***** SOURCE DATA *****

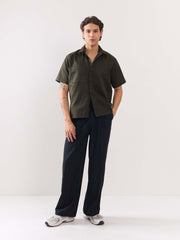 Dark Green Twill Cropped Shirt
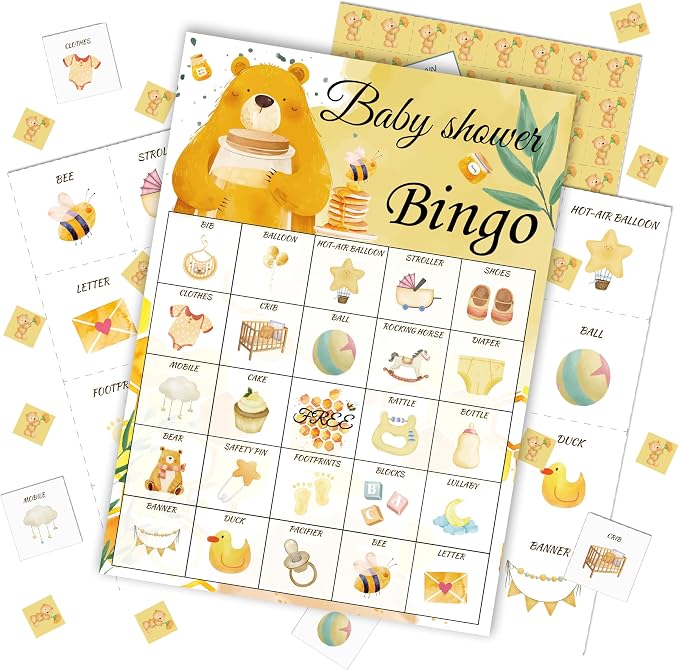 Baby Shower Bingo Game Cards Set for Guests Adults, Honey Bear Baby Shower Party Bingo Game Gender Reveal Bingo Game for Family Friends Large Group Activity, Favors Supplies Decorations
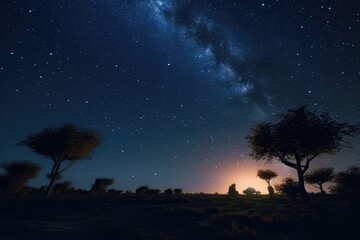 Fototapeta na wymiar Starry Night: An Enchanting View of the Night Sky 9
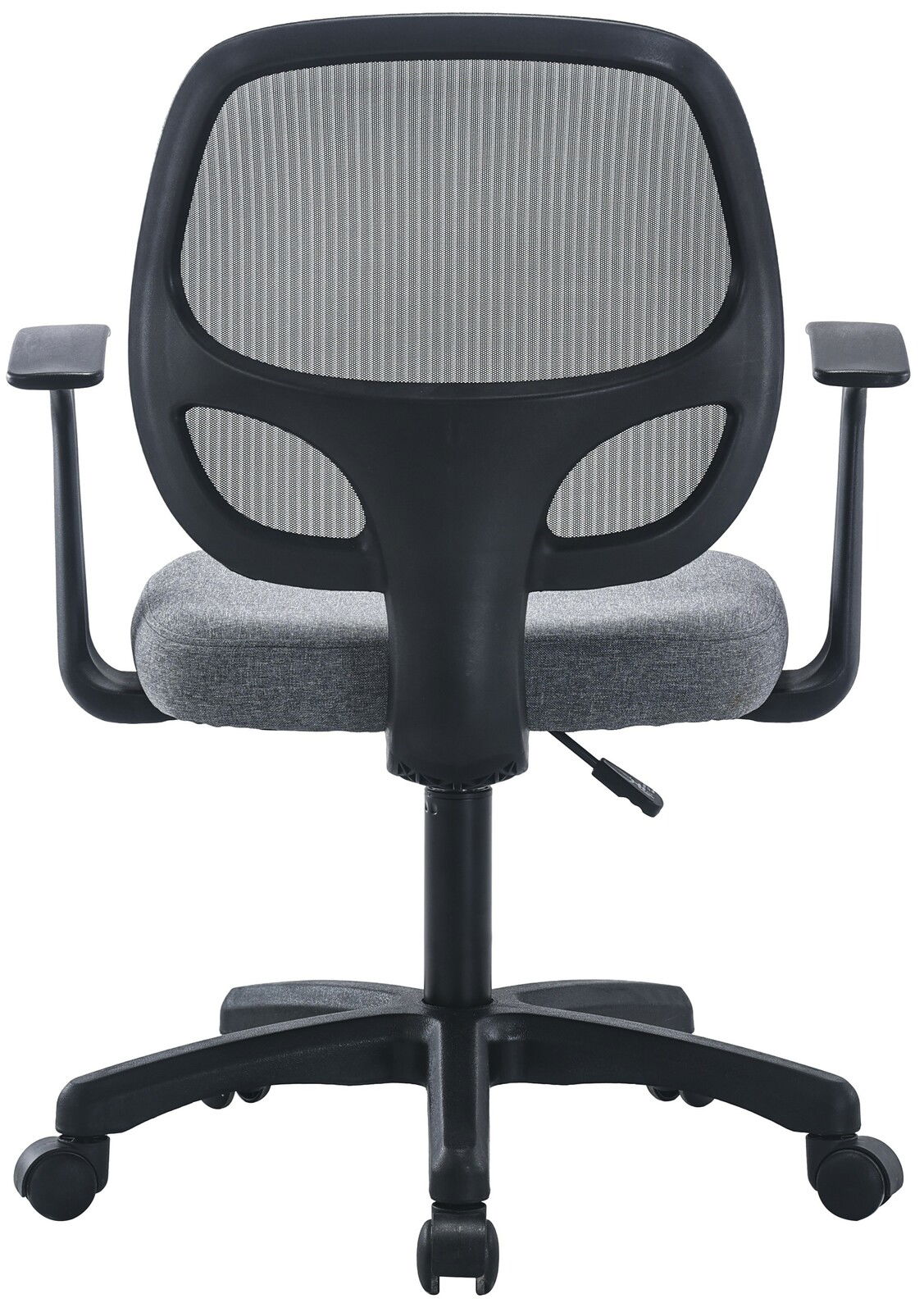 Rückansicht eines Drehstuhls mit grauem Netzrücken und gepolstertem Sitz, Armlehnen und Rollen.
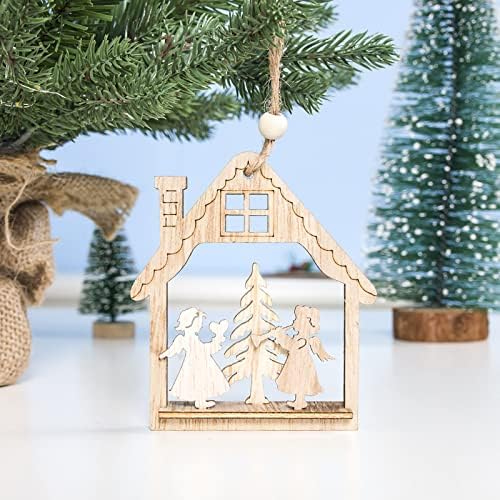 Мал витраж со стакло прозорец виси Божиќ декоративни дрвени шупливи божиќни куќа стил Божиќен елени приврзоци брадеста кристална завеса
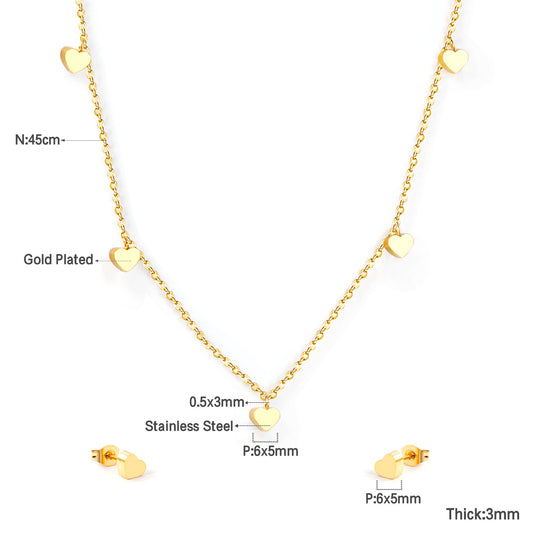 heart pendant measurement diagram-gold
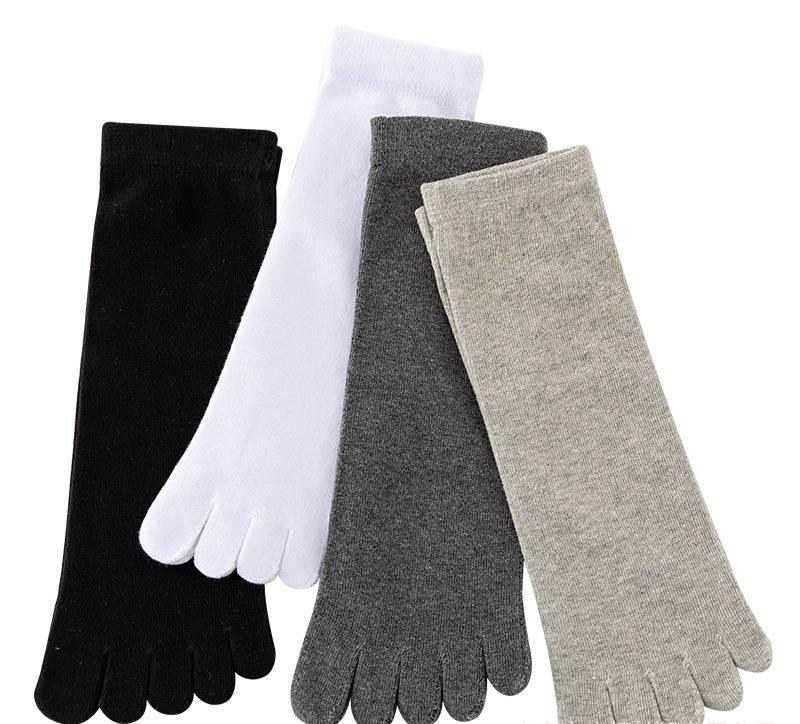 Toe Socks Men Cotton Five Fingers Socks Breathable Short Ankle Crew Socks Sports Running Solid Color Black White Grey Male Socks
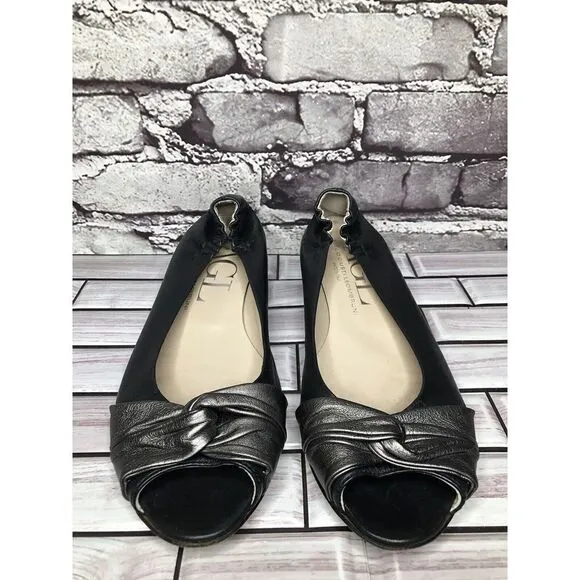 AGL Black Leather Pewter Twist Slip On Peep Toe Wedge Flats Women Sz 39EU/8.5US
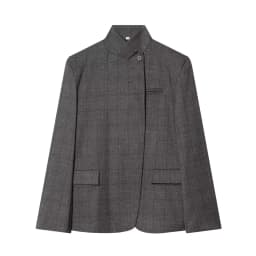 TFAFXY 2026 Spring Women Casual Blazer Long Sleeve Stand Collar Single Button Irregular Office Suit Jacket Female Coat OL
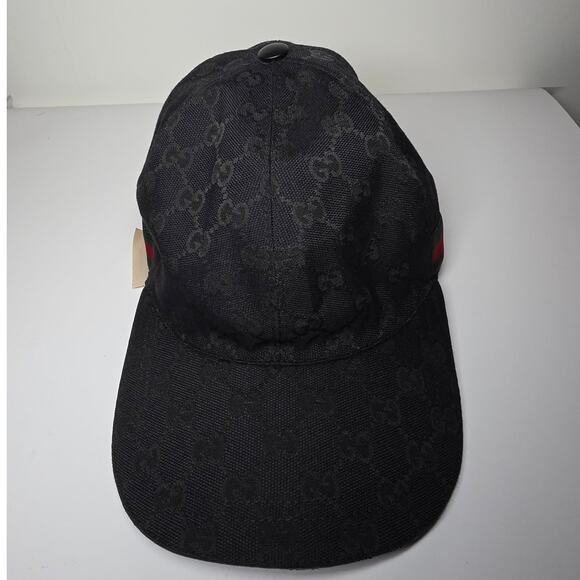 Gucci Black GG Monogram baseball cap M sz main image 4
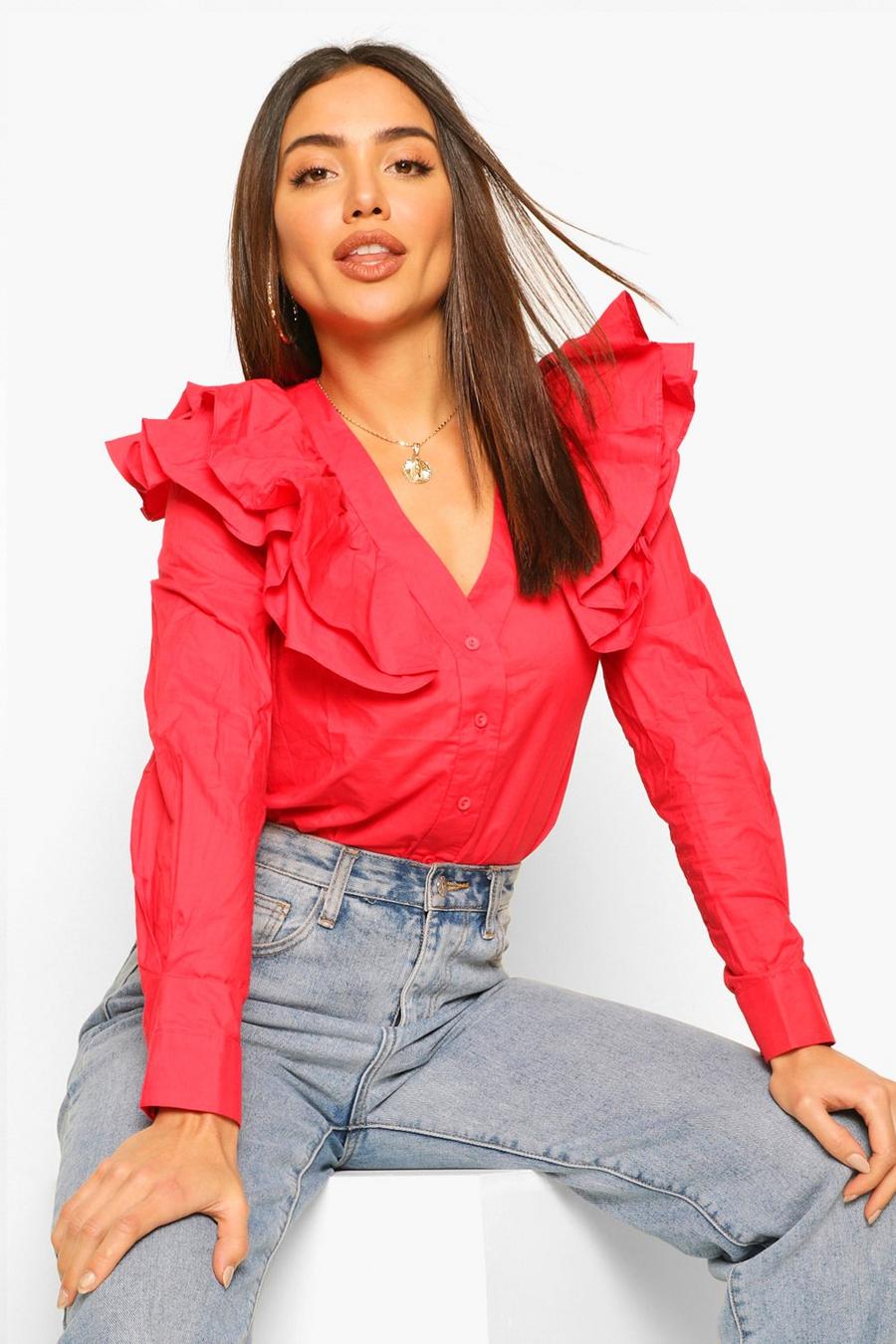 Red Woven Ruffle Long Sleeve Blouse image number 1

*****

What is needed is every record above, returned exactly, with the pictures omitted.

 Dark Green Twill Cropped Shirt
 Baby Shower Bingo Game Cards Set for Guests Adults, Honey Bear Baby Shower Party Bingo Game Gender Reveal Bingo Game for Family Friends Large Group Activity, Favors Supplies Decorations
 Fototapeta na wymiar Starry Night: An Enchanting View of the Night Sky 9
 Rückansicht eines Drehstuhls mit grauem Netzrücken und gepolstertem Sitz, Armlehnen und Rollen.
 Мал витраж со стакло прозорец виси Божиќ декоративни дрвени шупливи божиќни куќа стил Божиќен елени приврзоци брадеста кристална завеса
 heart pendant measurement diagram-gold
 Toe Socks Men Cotton Five Fingers Socks Breathable Short Ankle Crew Socks Sports Running Solid Color Black White Grey Male Socks
 AGL Black Leather Pewter Twist Slip On Peep Toe Wedge Flats Women Sz 39EU/8.5US
 TFAFXY 2026 Spring Women Casual Blazer Long Sleeve Stand Collar Single Button Irregular Office Suit Jacket Female Coat OL
 Gucci Black GG Monogram baseball cap M sz main image 4
 Red Woven Ruffle Long Sleeve Blouse image number 1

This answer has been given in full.